## WHAT YOU ARE ASKED TO DO
In the records below, find the line containing "Un gros plan d’une cuisinière KitchenAid®.", then print it and every following line exactly, through the last, without pictures.

(Collected data)
=====

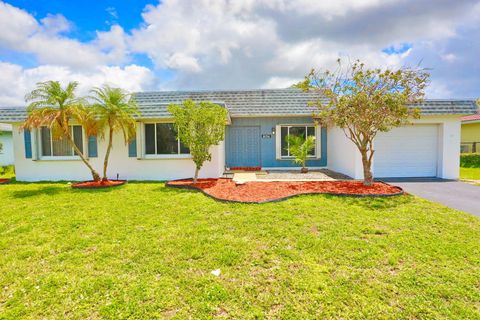 Photo of 8156 NW 67th Avenue, Tamarac, FL 33321 (MLS # B26024876)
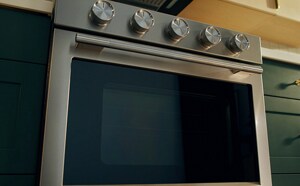 Un gros plan d’une cuisinière KitchenAid®.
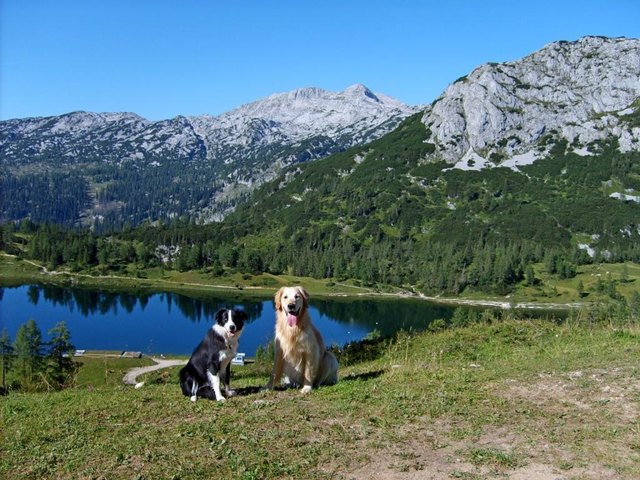 Mia und Jimmy beim Grosssee auf der Tauplitzalm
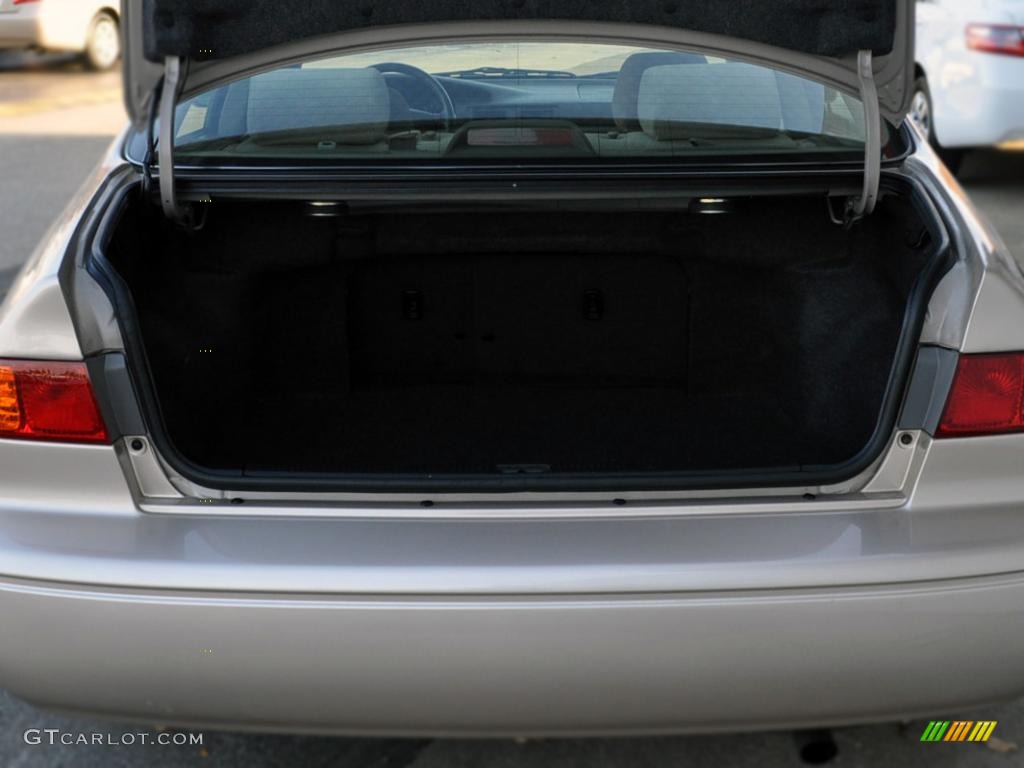 2001 Toyota Camry LE V6 Trunk Photo #42926032
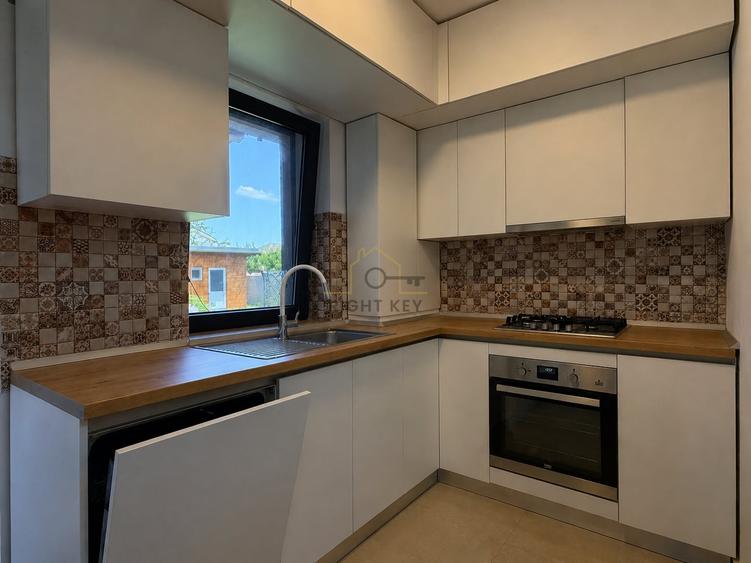 Duplex cu 6 camere cu Canalizare în Domnești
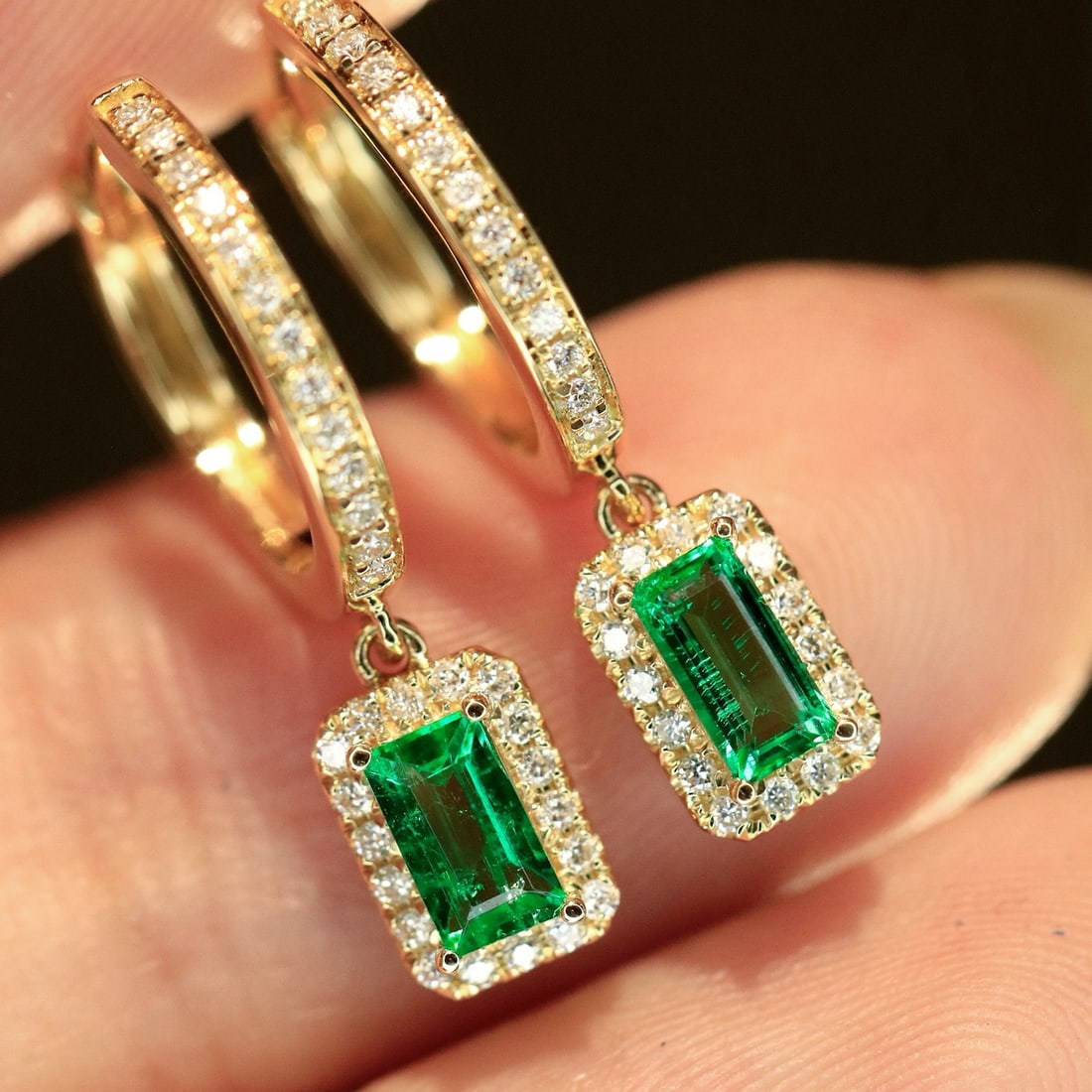 14k Gold 0.62 Ctw Natural Emerald & Diamond Earrings - 2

=====

## REPLY
 Un gros plan d’une cuisinière KitchenAid®.
 Mia und Jimmy beim Grosssee auf der Tauplitzalm
 2001 Toyota Camry LE V6 Trunk Photo #42926032
 Duplex cu 6 camere cu Canalizare în Domnești
 14k Gold 0.62 Ctw Natural Emerald & Diamond Earrings - 2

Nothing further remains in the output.